YOUR TASK: What lines in the data hold the string "Dual"? Show them.

[Collected data]
··········

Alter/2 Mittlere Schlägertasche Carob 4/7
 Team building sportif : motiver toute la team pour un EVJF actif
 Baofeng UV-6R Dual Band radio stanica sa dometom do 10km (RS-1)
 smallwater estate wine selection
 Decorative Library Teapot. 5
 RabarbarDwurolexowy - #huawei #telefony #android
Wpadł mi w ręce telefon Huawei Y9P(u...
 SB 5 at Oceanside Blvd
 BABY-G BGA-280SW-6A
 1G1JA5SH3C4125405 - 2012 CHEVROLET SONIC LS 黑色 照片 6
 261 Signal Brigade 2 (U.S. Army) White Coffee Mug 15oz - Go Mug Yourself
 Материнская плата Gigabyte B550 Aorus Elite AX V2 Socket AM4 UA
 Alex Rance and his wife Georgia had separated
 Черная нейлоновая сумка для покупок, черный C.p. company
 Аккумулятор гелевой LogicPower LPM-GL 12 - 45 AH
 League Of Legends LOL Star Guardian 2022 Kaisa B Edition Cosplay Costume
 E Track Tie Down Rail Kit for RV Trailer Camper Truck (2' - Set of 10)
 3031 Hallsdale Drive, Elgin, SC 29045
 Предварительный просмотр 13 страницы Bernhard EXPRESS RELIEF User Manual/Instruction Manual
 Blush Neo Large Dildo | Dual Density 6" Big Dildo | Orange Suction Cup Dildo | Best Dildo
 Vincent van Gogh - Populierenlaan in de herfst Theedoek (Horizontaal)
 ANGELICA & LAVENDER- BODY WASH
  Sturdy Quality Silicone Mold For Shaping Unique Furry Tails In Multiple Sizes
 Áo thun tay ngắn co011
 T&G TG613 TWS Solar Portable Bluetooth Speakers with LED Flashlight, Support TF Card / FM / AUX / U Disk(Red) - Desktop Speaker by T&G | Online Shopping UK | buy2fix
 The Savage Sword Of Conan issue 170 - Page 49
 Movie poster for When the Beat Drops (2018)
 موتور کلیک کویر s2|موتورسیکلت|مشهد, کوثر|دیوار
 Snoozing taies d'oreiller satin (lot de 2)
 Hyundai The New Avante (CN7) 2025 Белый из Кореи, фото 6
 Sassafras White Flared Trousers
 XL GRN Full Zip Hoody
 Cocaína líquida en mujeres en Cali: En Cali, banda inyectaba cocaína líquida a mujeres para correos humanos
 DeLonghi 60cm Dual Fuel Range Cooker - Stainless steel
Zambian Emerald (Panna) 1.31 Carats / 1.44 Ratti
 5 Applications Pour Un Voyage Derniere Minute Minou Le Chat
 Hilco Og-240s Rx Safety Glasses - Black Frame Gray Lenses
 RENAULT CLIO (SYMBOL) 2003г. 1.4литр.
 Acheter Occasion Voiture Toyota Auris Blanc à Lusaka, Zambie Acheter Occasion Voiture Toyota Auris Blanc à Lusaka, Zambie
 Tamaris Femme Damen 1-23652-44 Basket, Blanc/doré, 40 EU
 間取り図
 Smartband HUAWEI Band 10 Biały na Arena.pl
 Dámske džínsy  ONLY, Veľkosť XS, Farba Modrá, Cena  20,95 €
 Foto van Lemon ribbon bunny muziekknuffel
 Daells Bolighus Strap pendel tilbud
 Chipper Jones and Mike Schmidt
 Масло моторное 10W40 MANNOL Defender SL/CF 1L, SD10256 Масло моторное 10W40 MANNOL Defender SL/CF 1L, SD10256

··········

EXERCISE SOLUTION:
 Baofeng UV-6R Dual Band radio stanica sa dometom do 10km (RS-1)
 Blush Neo Large Dildo | Dual Density 6" Big Dildo | Orange Suction Cup Dildo | Best Dildo
 DeLonghi 60cm Dual Fuel Range Cooker - Stainless steel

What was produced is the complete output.